=== Dataset entries ===

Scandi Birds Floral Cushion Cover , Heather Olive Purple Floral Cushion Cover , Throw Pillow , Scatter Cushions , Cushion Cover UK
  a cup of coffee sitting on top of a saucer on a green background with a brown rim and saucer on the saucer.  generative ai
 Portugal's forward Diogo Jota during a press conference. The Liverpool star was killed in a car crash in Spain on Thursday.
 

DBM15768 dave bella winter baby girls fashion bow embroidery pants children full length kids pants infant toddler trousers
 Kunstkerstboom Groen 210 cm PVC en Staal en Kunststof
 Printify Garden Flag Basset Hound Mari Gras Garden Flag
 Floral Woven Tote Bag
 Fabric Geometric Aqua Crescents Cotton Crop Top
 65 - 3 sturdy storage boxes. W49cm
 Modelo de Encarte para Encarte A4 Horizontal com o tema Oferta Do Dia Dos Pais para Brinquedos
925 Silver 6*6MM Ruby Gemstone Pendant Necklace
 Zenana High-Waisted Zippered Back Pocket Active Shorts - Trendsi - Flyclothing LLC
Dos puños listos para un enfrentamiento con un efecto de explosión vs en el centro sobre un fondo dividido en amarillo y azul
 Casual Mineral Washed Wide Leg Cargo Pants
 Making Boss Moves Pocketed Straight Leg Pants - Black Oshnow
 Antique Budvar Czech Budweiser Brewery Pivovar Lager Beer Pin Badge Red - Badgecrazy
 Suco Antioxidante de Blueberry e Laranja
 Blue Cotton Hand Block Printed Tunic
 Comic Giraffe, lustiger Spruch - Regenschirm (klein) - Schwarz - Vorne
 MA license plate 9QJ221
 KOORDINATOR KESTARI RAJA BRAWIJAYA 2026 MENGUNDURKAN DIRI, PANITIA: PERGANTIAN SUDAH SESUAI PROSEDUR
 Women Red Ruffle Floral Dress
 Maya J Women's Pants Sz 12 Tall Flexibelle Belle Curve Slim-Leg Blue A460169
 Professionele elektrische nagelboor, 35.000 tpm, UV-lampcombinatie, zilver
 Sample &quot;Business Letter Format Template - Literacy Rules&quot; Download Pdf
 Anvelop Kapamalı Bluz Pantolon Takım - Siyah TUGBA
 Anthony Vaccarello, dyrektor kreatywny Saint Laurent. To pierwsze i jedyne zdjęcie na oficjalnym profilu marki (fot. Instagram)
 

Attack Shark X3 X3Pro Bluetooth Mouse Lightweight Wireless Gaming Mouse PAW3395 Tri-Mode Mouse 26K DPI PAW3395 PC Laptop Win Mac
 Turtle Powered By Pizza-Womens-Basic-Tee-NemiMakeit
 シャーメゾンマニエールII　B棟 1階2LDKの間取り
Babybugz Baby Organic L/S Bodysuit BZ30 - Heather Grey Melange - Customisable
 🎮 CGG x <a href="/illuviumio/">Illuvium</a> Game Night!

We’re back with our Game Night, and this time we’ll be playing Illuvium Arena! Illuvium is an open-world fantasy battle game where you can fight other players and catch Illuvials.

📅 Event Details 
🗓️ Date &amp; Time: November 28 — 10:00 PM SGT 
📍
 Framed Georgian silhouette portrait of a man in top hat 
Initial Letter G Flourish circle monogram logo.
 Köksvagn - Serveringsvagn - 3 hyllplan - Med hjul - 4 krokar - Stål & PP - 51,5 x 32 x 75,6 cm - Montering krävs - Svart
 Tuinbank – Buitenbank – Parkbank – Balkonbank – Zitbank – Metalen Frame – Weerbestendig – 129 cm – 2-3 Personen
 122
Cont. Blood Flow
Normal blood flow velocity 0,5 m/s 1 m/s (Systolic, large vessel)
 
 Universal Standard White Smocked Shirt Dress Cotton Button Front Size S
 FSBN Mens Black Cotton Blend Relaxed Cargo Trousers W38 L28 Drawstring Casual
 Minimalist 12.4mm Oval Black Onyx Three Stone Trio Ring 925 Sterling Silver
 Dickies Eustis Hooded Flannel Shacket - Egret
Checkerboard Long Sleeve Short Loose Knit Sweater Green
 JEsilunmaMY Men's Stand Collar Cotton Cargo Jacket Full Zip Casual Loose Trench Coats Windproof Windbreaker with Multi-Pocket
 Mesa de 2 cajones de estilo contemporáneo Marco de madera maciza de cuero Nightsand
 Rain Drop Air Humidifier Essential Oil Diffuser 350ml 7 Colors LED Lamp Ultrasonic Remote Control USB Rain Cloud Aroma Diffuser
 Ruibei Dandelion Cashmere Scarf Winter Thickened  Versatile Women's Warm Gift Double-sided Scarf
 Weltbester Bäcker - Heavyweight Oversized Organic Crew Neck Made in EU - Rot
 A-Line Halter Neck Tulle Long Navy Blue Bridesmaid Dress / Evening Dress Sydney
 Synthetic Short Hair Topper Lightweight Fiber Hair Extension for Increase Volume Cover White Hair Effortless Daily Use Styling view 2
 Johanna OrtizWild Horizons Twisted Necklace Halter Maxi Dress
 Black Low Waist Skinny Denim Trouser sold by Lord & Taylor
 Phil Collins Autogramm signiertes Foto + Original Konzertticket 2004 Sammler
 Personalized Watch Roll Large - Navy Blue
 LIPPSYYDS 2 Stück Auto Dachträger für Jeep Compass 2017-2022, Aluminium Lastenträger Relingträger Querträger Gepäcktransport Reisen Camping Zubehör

===

- **What to work on**:
In the listing above, find the line with "925 Silver 6*6MM" and the line with "Comic Giraffe, lustiger". Output those two lines and every line between them, exactly as written.

- **Answer to this exercise**:
925 Silver 6*6MM Ruby Gemstone Pendant Necklace
 Zenana High-Waisted Zippered Back Pocket Active Shorts - Trendsi - Flyclothing LLC
Dos puños listos para un enfrentamiento con un efecto de explosión vs en el centro sobre un fondo dividido en amarillo y azul
 Casual Mineral Washed Wide Leg Cargo Pants
 Making Boss Moves Pocketed Straight Leg Pants - Black Oshnow
 Antique Budvar Czech Budweiser Brewery Pivovar Lager Beer Pin Badge Red - Badgecrazy
 Suco Antioxidante de Blueberry e Laranja
 Blue Cotton Hand Block Printed Tunic
 Comic Giraffe, lustiger Spruch - Regenschirm (klein) - Schwarz - Vorne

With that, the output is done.